Sei que é o justo e o óbvio nessa situação, afinal, o que eu esperava que Amelia dissesse de tão diferente? Esperava que ela continuasse insistindo em mim? Num possível nós, quando eu mesmo fiz questão de deixar claro, incontáveis vezes, que não acredito num futuro assim? Numa relação assim?

Futuro. Relação. Por que ela desdenhou quando eu mencionei esses termos? Por que fez eu me sentir um careta idiota?

Amassos. Ela esclareceu taxativa, direta, com um brilho malicioso e prático no olhar. Amelia disse que só queria me dar uns amassos. E que agora não quer mais.

Será mesmo?

Que diferença isso faz agora? Ela afirmou com todas as letras que perdeu o interesse, e eu devia estar conformado e nem um pouco surpreso com sua reação.

Ao invés disso, no entanto, sinto-me estranho e incompleto de um jeito esquisito. Sinto que perdi algo. Algo que deixei escapar por entre os dedos. Algo que eu não tinha certeza se queria de fato. Mas que agora eu sei. Eu queria. Ainda quero.

— O que... No que você está pensando, Bruce? — Reviro-me na cama e pressiono as pálpebras com as pontas dos dedos. — Não, você não pode.

Lembro a mim mesmo que não sou como os outros caras. Isso porque eu tenho o Outro Cara sob minha pele. A fera verde e destruidora dentro de mim me impede de ter uma vida normal e até mesmo de dar uns amassos sem compromisso, como Amelia soltou no ar.
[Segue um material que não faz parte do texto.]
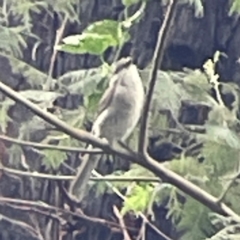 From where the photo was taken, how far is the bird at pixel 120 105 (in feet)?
6.05

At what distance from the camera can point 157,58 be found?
1.16m

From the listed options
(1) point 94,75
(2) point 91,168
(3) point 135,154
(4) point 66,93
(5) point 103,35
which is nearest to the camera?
(5) point 103,35

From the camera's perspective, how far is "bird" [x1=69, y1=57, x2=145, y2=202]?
1.84 metres

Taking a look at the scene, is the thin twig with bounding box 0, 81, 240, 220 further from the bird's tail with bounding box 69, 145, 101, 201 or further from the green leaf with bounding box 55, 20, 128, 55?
the bird's tail with bounding box 69, 145, 101, 201

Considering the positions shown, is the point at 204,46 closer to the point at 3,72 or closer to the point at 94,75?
the point at 3,72

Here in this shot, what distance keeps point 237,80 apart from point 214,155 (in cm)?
78

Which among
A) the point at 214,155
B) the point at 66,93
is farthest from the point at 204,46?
the point at 214,155

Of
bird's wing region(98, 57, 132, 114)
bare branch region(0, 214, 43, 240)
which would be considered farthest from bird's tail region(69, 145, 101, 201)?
bare branch region(0, 214, 43, 240)

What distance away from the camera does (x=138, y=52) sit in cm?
291

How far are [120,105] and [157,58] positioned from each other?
0.73 metres

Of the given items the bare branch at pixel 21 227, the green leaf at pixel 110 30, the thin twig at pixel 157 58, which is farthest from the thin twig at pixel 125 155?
the bare branch at pixel 21 227

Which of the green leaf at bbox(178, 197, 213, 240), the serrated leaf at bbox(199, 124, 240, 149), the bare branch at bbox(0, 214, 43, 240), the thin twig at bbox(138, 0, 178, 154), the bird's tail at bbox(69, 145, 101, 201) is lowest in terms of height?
the bare branch at bbox(0, 214, 43, 240)

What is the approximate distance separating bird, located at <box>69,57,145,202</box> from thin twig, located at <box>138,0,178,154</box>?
21.6 inches

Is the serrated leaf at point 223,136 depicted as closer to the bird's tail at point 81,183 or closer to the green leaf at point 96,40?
the bird's tail at point 81,183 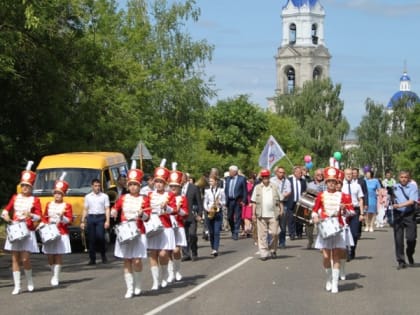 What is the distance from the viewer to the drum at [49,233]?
17781 mm

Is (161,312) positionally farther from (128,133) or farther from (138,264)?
(128,133)

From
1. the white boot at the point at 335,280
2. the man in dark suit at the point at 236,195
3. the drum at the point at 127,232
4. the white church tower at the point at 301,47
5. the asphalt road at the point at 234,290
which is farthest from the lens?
the white church tower at the point at 301,47

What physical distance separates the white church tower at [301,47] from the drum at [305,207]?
14159 cm

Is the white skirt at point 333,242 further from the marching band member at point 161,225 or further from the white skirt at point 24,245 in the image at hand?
the white skirt at point 24,245

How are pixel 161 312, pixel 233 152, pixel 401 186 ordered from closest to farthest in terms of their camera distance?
pixel 161 312 < pixel 401 186 < pixel 233 152

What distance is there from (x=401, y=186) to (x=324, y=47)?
519ft

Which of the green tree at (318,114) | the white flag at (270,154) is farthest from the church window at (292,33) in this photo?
the white flag at (270,154)

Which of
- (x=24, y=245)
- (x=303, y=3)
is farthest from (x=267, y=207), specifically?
(x=303, y=3)

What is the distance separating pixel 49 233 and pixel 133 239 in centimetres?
226

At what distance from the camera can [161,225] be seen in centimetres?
1712

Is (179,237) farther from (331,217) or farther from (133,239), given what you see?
(331,217)

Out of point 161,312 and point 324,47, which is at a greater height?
point 324,47

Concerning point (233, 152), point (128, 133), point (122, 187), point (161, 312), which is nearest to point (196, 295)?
point (161, 312)

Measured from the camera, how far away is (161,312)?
14.2 metres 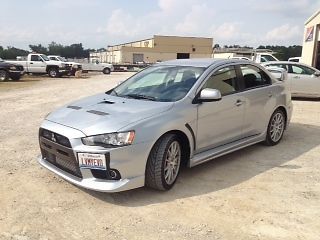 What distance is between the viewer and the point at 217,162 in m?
5.85

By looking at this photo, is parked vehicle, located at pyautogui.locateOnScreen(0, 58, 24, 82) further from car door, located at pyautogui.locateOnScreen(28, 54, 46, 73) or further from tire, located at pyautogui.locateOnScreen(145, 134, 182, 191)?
tire, located at pyautogui.locateOnScreen(145, 134, 182, 191)

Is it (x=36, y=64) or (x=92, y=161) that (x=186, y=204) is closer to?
(x=92, y=161)

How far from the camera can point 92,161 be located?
13.7 ft

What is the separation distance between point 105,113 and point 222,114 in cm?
176

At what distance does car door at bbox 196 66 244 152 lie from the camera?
5117 millimetres

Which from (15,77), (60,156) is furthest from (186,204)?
(15,77)

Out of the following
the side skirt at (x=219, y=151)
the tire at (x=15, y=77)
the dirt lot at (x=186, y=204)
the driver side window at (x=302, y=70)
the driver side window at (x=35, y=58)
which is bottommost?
the tire at (x=15, y=77)

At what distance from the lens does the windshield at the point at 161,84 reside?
202 inches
Mesmo querendo... Digo, mesmo que eu quisesse, não seria prudente, seria impossível me envolver com ela. Assim como foi inviável continuar a minha história com Betty depois do Hulk.

Por mais que eu tenha aprendido a controlá-lo na maior parte do tempo, não sei como esse meu lado reagiria numa situação mais... carnal. Betty foi minha última tentativa e não deu certo. Desde então, eu nunca mais arrisquei. Com o tempo, acabei me conformando. Ou, como Tony costuma me provocar, acho que virei um monge.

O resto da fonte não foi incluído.